It was also my impression that Hogwarts was part of wizarding government and therefore supported by magic taxes.
'Lessons'
Literary Buffistas 3: Don't Parse the Blurb, Dear.
There's more to life than watching Buffy the Vampire Slayer! No. Really, there is! Honestly! Here's a place for Buffistas to come and discuss what it is they're reading, their favorite authors and poets. "Geez. Crack a book sometime."
ah ... they're under a Republican budget (sorry - couldn't resist)
No, under a Republican budget, you remove magic taxes and wait for the economy to improve.
No, under a Republican budget, you remove magic taxes and lay all the Ministry staff off and cancel all the contracts with vendors and consultants and wait for the economy to improve.
Fixed that for you, as they say. *grins*
Yeah, worldbuilding fails under close inspection, but that's not new to YA, or to sci fi and fantasy in general. I think she's doing pretty well with what she's put forward to convey emotion and adventure and excitement and horror, since I'm sure that was her major goal, not putting all the building blocks of a functional society in place.
Yep, what ita said.
I keep thinking of a fanfic I remember a ton of non-Buffista people raving about the general wonderfulness of, "Harry Potter and the Methods of Rationality," which was one fan's attempt to just straight-up rewrite the series, but with more logic and science. The first couple of chapters were utterly brain-twisting and charming as all hell, but oh dear God did those returns ever diminish.
By something like the 30th installment (fortunately each was only a couple of pages long), Ron had disappeared because he wasn't bright enough to be interesting to the author; by the time I gave up and walked away twitching, at chapter 50 or something, Harry was running the school, Hermione and Draco were his only intellectual equals and thus his bestest frenemies, Hagrid was nigh invisible, and Harry's foster parents were loving and supportive and thrilled at the ways he was pushing the envelopes of philosophy and chemistry and physics with his scientific analysis of this "magic" stuff.
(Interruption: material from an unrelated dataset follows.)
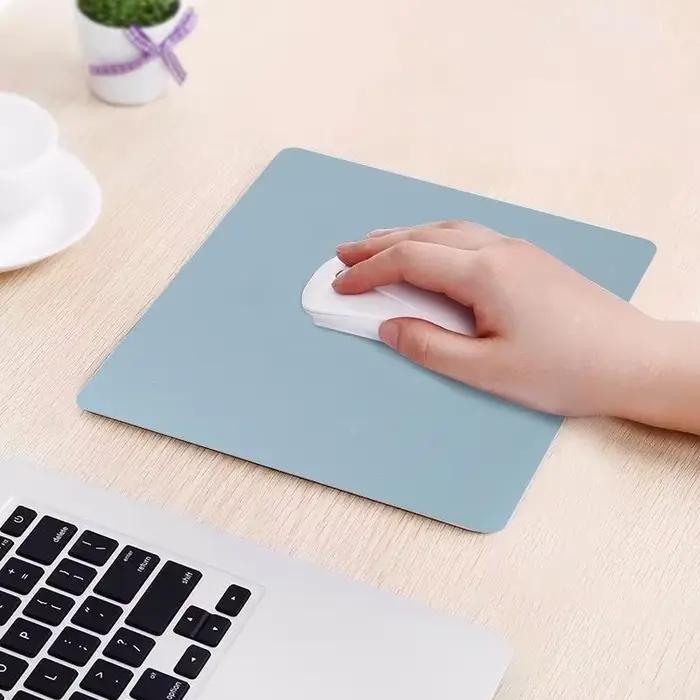 Tapis de souris en cuir pour bureau et ordinateur portable confortable et élégant pour joueur et professionnel occasiون speciales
It was all very logical and rational and consistent, and the author was very careful not to leave an i un-dotted or a t un-crossed, and there wasn't one single plot thread that wasn't carefully laid out or one single twist on the original plot that wasn't very rationally followed to its logical conclusion. And it was (for me anyway) nigh unreadable. Harry was an insufferable little prick, Hermione was a Mary Sue to make other Mary Sues hide their heads in shame, Dumbledore was a monster, Ron was a nonentity (with no Ron-like replacement, because apparently the very existence of people like Ron was intrinsically uninteresting to this writer), and all this beautiful craftsmanship and intricate rational thinky-brain writing had sucked every atom of joy or emotional weight out of it.
Rowling is sloppy as hell with a lot of real-world details, and grossly unrealistic in a lot of ways, but after that fic I kind of let all that go. Her kids and adults are all prickly and messy and flawed and true, and she will always sacrifice logical consistency to go for the reader's gut or heart or lizard brain, and it's a fair exchange. Having read a good chunk of what the series might be like with those priorities flipped, I'm on her side.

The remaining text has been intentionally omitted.